Non-Stop Sensory Overload. The issue with workplace influences is that it is overpowering. While we are at work, we are in close proximity to a much larger number of individuals which also means a much larger group of sensory experiences. Ever been irritated by a coworkers perfume or habit of loud chewing? What about loud or irritating music choices? These all factor in to how we “catch” a mood.

Sharing a Space. “Everyone basically shares the same area. You can hear people talking, complaining, gossiping, coughing, blowing their noses, laughing, humming, cracking their gum, and opening candy wrappers. Such lack of privacy makes empaths more vulnerable to taking on their coworkers’ stress,” Dr. Orloff explains.

Distance Contagion. Emotional contagion isn’t just associated with close proximity, however. According to Dr. Orloff, we can also “catch” the emotions of those we talk to from a distance – via emails, texts, or phone calls, for example. Sometimes it’s even seen during instances of watching television or reading a news article.

Over the Phone. “Highly sensitive people can also experience emotional contagion with customers and clients, even over the phone. You actually feel what they are feeling in your body,” explains Dr. Orloff. In one workshop she attended, she noted she had heard one participant explain how much he had hated making phone calls to clients at work.

Empathic Workshop. “One empathic workshop participant said, ‘I started a new job selling life insurance. I became anxious making calls, even if customers requested information. My heart went out to families who had no coverage and lost their homes, or when their spouses died unexpectedly. I started taking on their pain,’” Dr. Orloff recalled.

Dealing with Emotional Contagion. So what do you do if you find yourself one of the many people who “catch” the emotions of others? Experts say there are ways you can protect yourself from the onslaught of emotion and keep your own emotions in check.

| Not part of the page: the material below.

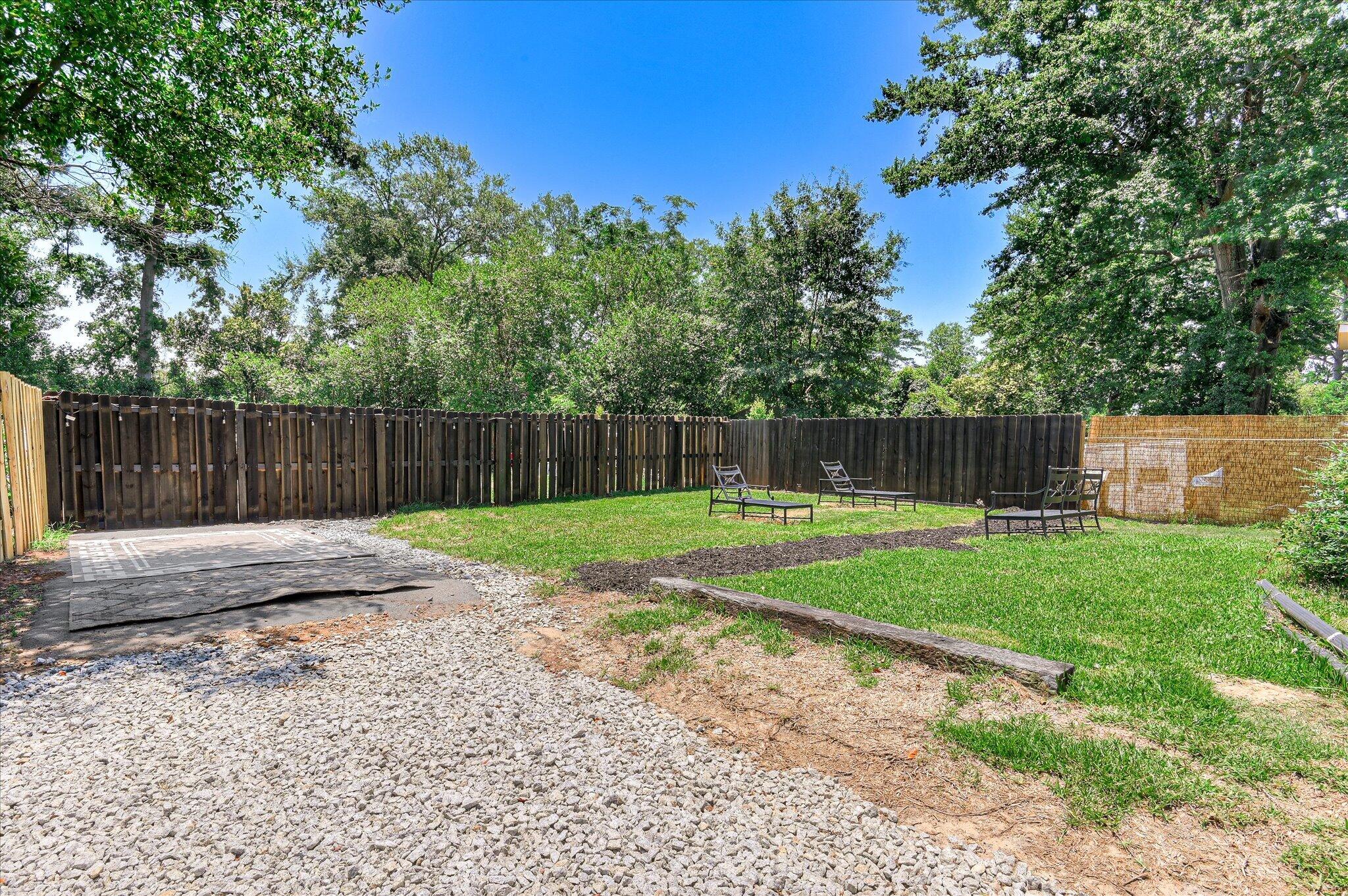 1121 Ridgecrest Avenue North Augusta, SC 29841 - Photo 38 of 42 a view of a backyard with large tree and wooden fence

Design Elements. If you’re able, one of the simplest things you can do is to tweak a few design elements of your surroundings in order to protect yourself from sitting in an open environment. Some employers have designated different areas for introverts and extroverts to allow their employees to choose their most comfortable environments.

Not Always Possible. It’s unfortunately not always possible to ask your boss to rearrange your office décor to accommodate an introverted disposition. However, there are steps you can take to help lessen the blow of emotional contagion, despite an open office situation.

Energetic Boundaries. “If you are in an open space or chaotic office, surround the outer edge of your desk with plants or family or pet photos to create a small psychological barrier. Also, take bathroom breaks for relief, or walk outside in fresh air if possible,” Dr. Orloff suggests.

Other Suggestions. According to her article, Dr. Orloff says religious or sacred objects such as sacred beads or a Buddha statue, can help create a peaceful boundary too. Also, if you’re allowed, noise-cancelling earbuds can be a handy trick for drowning out emotional noise around you as well.

Shifting the Energy. “Though you can’t control everything about your job environment, you do have the power to shift the energy in your immediate vicinity. If you focus on the safe space you’ve created rather than on the surrounding noise and confusion, you can minimize emotional contagion,” Dr. Orloff says.